= Eduardo Gamarra =

Eduardo Gamarra is an American political scientist of Bolivian heritage who focuses his research, teaching and public outreach on the politics of the Hispanic population in the United States and the politics of Bolivia, Cuba, Haiti and Venezuela.

==Early life and education==
Gamarra was born in 1957 and grew up in La Paz, Bolivia where he attended the American Cooperative School of La Paz. He obtained his B.A. degree in 1979 and his M.A. degree in 1980, both from the University of Arkansas. He obtained his PhD in Political Science in 1987 from the University of Pittsburgh, where his mentor was Andean expert James M. Malloy.

==Career==
Gamarra is a tenured full professor of political science at Florida International University Steven J. Green School of International and Public Affairs, where he is an expert on Latino vote in the United States and appears frequently on television in the United States as an expert on the politics of Bolivia, Cuba, Haiti and Venezuela.
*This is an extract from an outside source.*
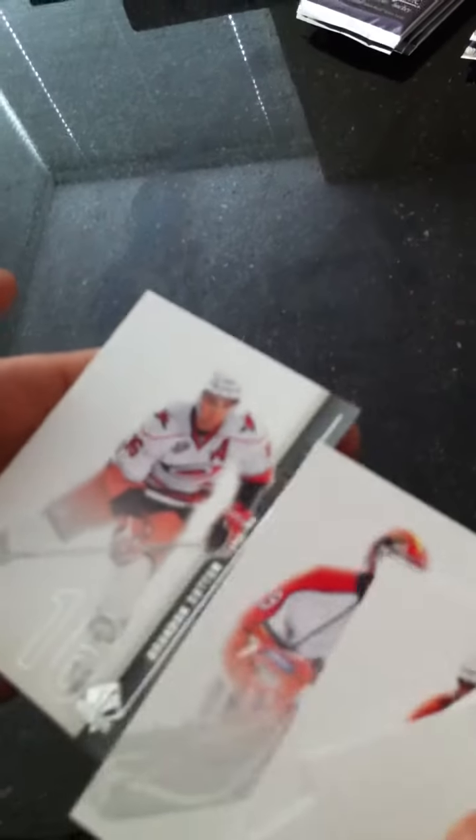Next pack. Base: Alex Ovechkin. Base: Derek Roy. Base: Chris Pronger. Base: Will Kuhn. And base: Brandon Sutter.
Gamarra has also testified before the US Senate Foreign Affairs Committee. Gamarra also serves on the Board of Directors of the Bolivian-American Chamber of Commerce.

Gamarra served as the director from 1994 to 2007 of the Latin American and Caribbean Center at Florida International University, where Gamarra co-founded and edited "Hemisphere." a magazine dedicateed to regional affairs.

==Key publications ==
Source:
- "Revolution and Reaction: Bolivia 1964-1985 (co-authored with James M. Malloy)
- "Latin American Political Economy in the Age of Neoliberal Reform"
- "Democracy, Markets, and Structural Reform in Latin America"
- "Strategic Culture in the Americas" (co-authored with Brian Fonseca)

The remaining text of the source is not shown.